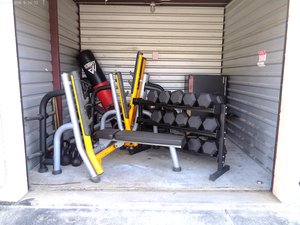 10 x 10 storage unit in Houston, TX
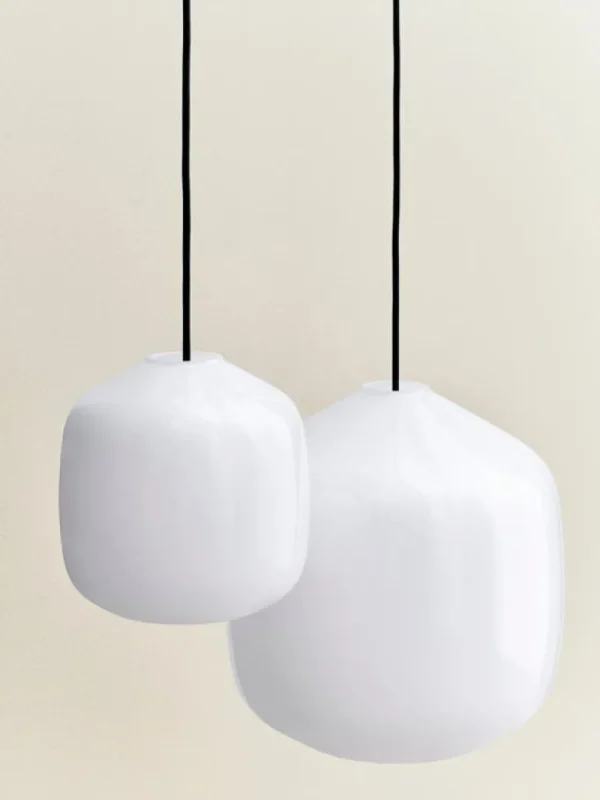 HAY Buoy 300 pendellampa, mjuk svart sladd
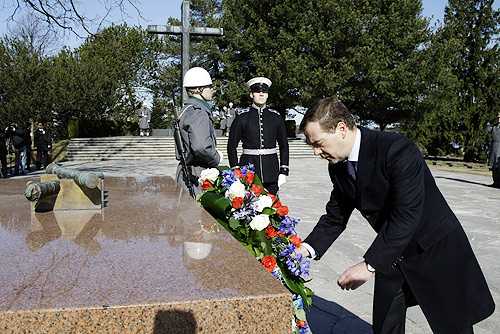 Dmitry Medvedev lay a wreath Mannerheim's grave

* * *

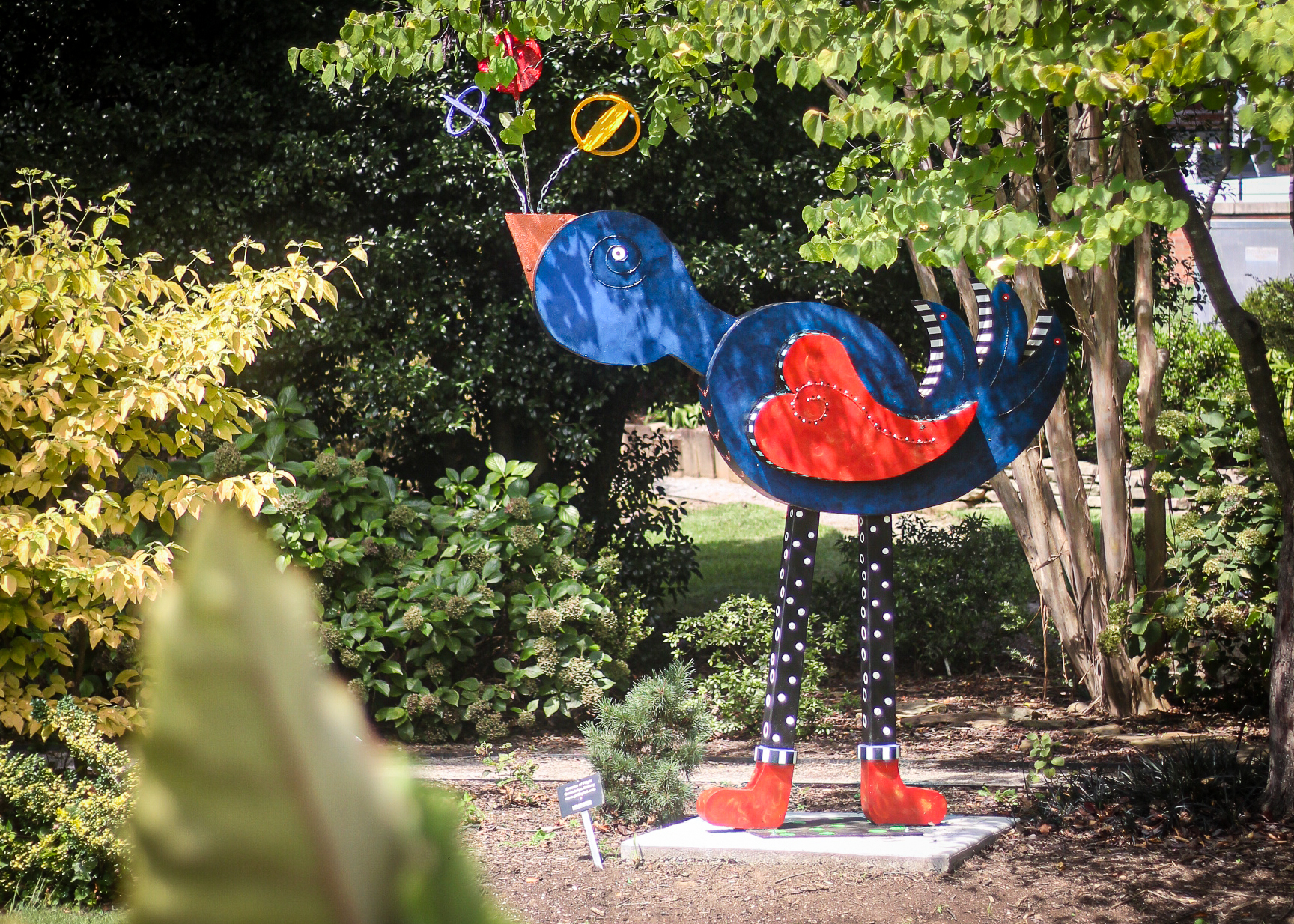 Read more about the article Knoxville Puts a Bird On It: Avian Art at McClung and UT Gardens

WORK TO BE COMPLETED:
Find where the line with "HAY Buoy 300 pendellampa, mjuk svart sladd" sits in the material above and where the line with "Dmitry Medvedev lay" sits. Set down exactly the lines from the first to the second, both included and nothing else, without pictures.

TASK RESPONSE:
 HAY Buoy 300 pendellampa, mjuk svart sladd
 Dmitry Medvedev lay a wreath Mannerheim's grave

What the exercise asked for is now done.